The article “The Soul of Snowboarding,” published by Bomb Snow, doesn’t try to define the sport by medals, tricks, or gear. Instead, it starts in a far more familiar place for many riders: a few days of winter camping in “the lot” at Mt. Bachelor over New Year’s Eve—already their second lot-camping trip of the season.
That detail matters, because it frames snowboarding as something that happens before first chair and after last run. The story is rooted in a particular kind of winter rhythm: packing up for a cold weekend, committing to the shared chaos and comfort of a parking-lot community, and letting the trip itself become the point—not just the turns.
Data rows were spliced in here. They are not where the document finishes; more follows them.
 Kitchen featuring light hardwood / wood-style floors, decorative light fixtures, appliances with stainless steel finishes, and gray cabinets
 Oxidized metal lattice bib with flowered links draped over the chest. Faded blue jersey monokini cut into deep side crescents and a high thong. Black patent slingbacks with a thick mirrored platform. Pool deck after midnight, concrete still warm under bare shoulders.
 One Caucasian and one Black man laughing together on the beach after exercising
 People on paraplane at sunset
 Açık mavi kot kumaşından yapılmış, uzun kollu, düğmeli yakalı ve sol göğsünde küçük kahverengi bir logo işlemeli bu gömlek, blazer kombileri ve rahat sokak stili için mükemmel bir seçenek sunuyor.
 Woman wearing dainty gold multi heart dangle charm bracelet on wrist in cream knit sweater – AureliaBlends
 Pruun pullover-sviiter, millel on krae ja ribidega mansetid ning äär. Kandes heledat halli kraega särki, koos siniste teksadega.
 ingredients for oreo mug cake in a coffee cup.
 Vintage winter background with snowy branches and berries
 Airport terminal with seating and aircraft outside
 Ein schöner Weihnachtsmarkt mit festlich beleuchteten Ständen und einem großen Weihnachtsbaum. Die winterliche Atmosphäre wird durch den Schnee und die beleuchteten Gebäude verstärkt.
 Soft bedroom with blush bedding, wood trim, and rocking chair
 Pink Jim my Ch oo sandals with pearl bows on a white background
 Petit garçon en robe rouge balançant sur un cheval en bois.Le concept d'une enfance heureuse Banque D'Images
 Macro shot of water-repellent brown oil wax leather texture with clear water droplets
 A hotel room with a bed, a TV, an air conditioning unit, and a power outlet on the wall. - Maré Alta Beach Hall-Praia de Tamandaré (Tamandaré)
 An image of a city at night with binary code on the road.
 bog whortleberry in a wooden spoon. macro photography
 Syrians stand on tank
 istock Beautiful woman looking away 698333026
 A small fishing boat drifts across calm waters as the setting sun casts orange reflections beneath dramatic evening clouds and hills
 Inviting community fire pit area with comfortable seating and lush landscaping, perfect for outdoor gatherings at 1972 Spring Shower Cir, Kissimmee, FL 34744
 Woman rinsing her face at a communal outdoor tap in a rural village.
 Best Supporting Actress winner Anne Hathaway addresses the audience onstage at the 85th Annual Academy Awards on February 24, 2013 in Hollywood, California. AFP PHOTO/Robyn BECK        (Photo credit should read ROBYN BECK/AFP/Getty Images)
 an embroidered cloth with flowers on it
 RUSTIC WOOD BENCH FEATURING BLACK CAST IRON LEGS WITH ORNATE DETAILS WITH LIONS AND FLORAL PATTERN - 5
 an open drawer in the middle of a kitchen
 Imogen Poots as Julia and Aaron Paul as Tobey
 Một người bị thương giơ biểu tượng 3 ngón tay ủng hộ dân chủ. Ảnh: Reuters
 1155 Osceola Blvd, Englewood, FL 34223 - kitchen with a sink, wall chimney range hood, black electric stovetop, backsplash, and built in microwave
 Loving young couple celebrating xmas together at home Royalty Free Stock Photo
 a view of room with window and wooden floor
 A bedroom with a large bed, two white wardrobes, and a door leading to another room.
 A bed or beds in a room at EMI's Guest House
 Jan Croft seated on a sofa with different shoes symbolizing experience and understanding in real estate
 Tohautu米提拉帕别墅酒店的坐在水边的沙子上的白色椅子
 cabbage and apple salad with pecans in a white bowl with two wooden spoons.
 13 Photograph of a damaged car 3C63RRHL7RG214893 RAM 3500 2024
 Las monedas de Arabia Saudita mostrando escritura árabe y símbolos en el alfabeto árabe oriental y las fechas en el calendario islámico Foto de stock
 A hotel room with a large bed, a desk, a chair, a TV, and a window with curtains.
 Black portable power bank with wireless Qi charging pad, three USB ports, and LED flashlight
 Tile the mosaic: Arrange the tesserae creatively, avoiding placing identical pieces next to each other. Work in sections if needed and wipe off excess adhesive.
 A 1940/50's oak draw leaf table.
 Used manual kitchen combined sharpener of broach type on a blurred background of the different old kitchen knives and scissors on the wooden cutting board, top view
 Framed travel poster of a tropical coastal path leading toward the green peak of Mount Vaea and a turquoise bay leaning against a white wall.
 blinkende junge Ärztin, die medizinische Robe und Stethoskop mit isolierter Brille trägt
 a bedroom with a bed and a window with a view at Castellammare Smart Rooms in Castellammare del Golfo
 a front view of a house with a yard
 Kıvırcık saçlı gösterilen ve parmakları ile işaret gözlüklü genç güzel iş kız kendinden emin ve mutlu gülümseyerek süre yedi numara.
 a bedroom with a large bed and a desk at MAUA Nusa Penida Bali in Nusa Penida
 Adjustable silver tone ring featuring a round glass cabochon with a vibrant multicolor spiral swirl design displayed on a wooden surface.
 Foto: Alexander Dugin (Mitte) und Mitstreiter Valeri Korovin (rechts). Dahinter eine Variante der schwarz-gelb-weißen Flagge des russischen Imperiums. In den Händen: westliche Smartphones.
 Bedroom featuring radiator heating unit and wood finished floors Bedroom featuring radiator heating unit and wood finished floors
Written by Annie Fast, a former editor-in-chief at TransWorld SNOWboarding Magazine who now continues to snowboard and write from Bend, the piece carries the perspective of someone who has seen snowboarding from the inside: as culture, as story, and as lived experience. And what comes through is the idea that snowboarding’s “soul” isn’t confined to the mountain’s boundaries. It’s also in the gatherings, the traditions, and the way a simple trip—camping out at Mt. Bachelor to ring in the new year—can still feel like the heart of why people ride in the first place.
In a world where it’s easy to measure a season by how many days you logged or how perfect the conditions were, the article reminds us of another metric entirely: the moments that linger. The kind you can’t download, and don’t need to prove. Just a winter lot, a new year, and a sport that keeps finding its meaning in the places riders choose to show up together.